The adapter layer should translate the IR field into the correct backend parameter.

### OpenAI-compatible backends

Map `ReasoningEffort` to the provider's reasoning control field.

Example target shape:

```json
{
  "reasoning": {
    "effort": "high"
  }
}
```

### Anthropic-compatible backends

Map `ReasoningControl` to `thinking` configuration.

Example target shape:

```json
{
  "thinking": {
    "type": "enabled",
    "budget_tokens": 4096
  }
}
```

The adapter may derive `budget_tokens` from `effort` when the client does not provide an explicit budget.

## Mapping Policy

Suggested default mapping:

| IR effort | OpenAI | Anthropic |
| --- | --- | --- |
| `none` | disabled | disabled |
| `low` | low | small budget |
| `medium` | medium | medium budget |
| `high` | high | large budget |
| `xhigh` | xhigh if supported | larger budget |

The exact token budgets should be configurable per provider and per model family.

## Cache Policy

Reasoning control must not participate in prompt-prefix cache construction.

Cache identity should be derived from stable prompt inputs only:

- system text
- message content
- tools
- route-selected prompt cache key

Reasoning control is a control-plane concern and should stay out of the cached prefix.

This preserves cache behavior when a caller changes reasoning intensity but keeps the same prompt.

## Request Flow

```text
client protocol
  -> entry adapter
  -> IR.ChatRequest.reasoning
  -> router.resolve(model)
  -> provider adapter
  -> provider-specific reasoning field
```

## Implementation Notes

- Add `reasoning: Option<ReasoningControl>` to IR.
- Extend entry adapters to parse client-side reasoning hints into IR.
- Extend provider adapters to emit provider-native reasoning parameters.
- Keep reasoning out of cache-key generation.
- If a backend does not support reasoning control, degrade gracefully to the provider default.

## Non-Goals

- Do not add a separate HTTP endpoint for reasoning control.
- Do not store reasoning in `extra` as the long-term API.
- Do not couple reasoning with prompt-cache prefix text.

## Outcome

This design gives ferryllm a single cross-provider reasoning control surface while preserving prompt-cache stability and keeping provider translation isolated in adapters.

## Operational Guidance

For Claude Code deployments, treat reasoning depth as a user-facing control and treat `MAX_THINKING_TOKENS` as the provider-side budget cap.

Recommended practice:

- Use a stable default effort for most sessions.
- Raise effort only when the task genuinely needs deeper reasoning.
- Keep reasoning out of cache-key construction.
- Let ferryllm normalize provider-specific inputs into `IR.reasoning`.

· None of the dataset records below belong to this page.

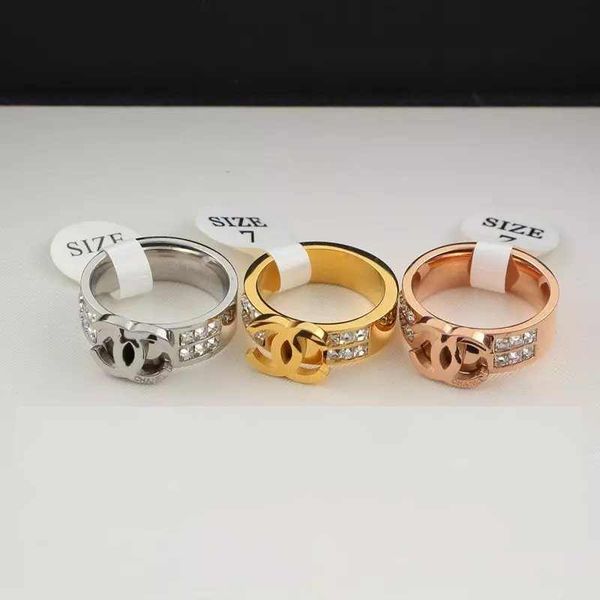 

gold silver rose colors extravagant double row diamond titanium steel men's and women's tail ring diamond ring couple wholesale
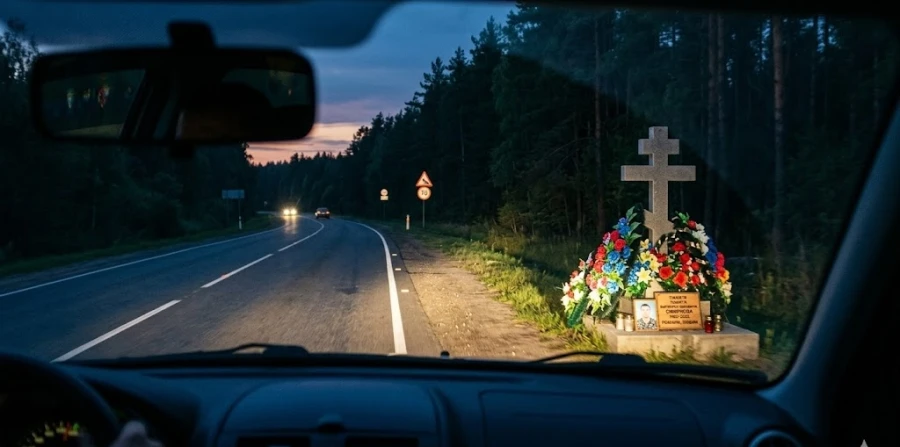 pamyatnik-na-doroge-v-temnoe-vremya-sutok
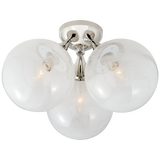 Cristol Large Triple Flush Mount in Polished Nickel with White Strie Glass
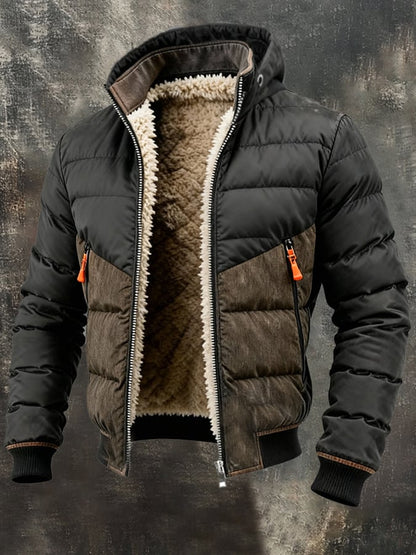 Férfi retró, steppelt, patchwork kabát cipzárral, meleg és kényelmes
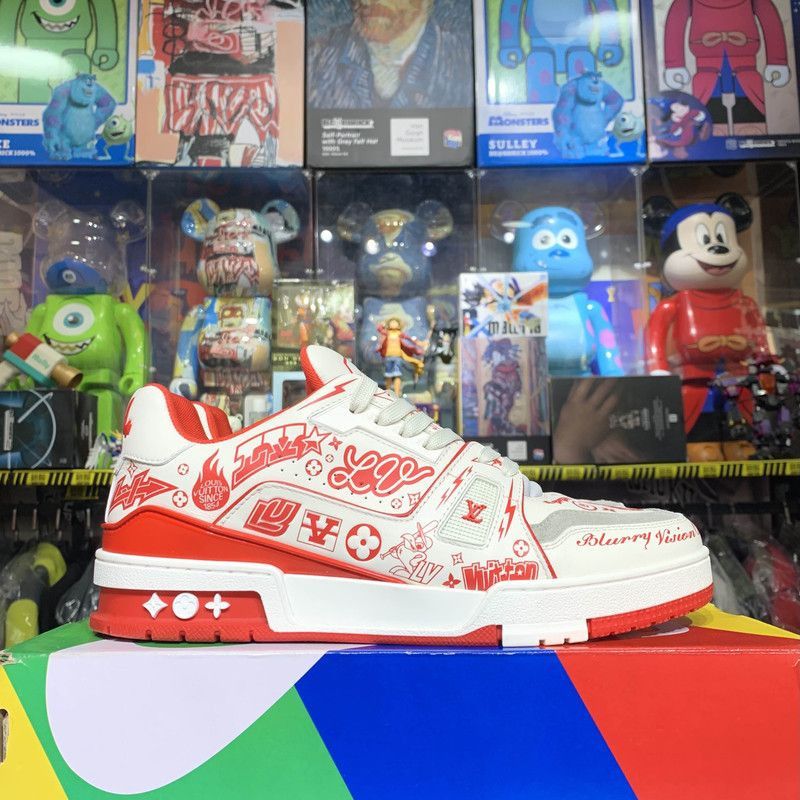 Louis Vuitton Louis Vuitton Trainer Low Top Sneakers with Red Graphics -2 Size US 8 / EU 41 - 5 Thumbnail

This keeps behavior predictable while avoiding unnecessary cache fragmentation.

In practice:

- Claude Code sets the thinking budget through its own configuration.
- ferryllm reads Anthropic `thinking` input when present.
- ferryllm can apply a stable `server.default_reasoning_effort` when the client omits reasoning controls.
- ferryllm maps that into a formal IR field.
- downstream adapters translate that field into the target provider's native parameter.

That preserves a single semantic control path without turning reasoning into opaque passthrough data.

Example server default:

```toml
[server]
default_reasoning_effort = "medium"
```

To inspect the translated provider parameter during troubleshooting, run with debug logging and look for `reasoning=effort=...` in the outbound request shape log.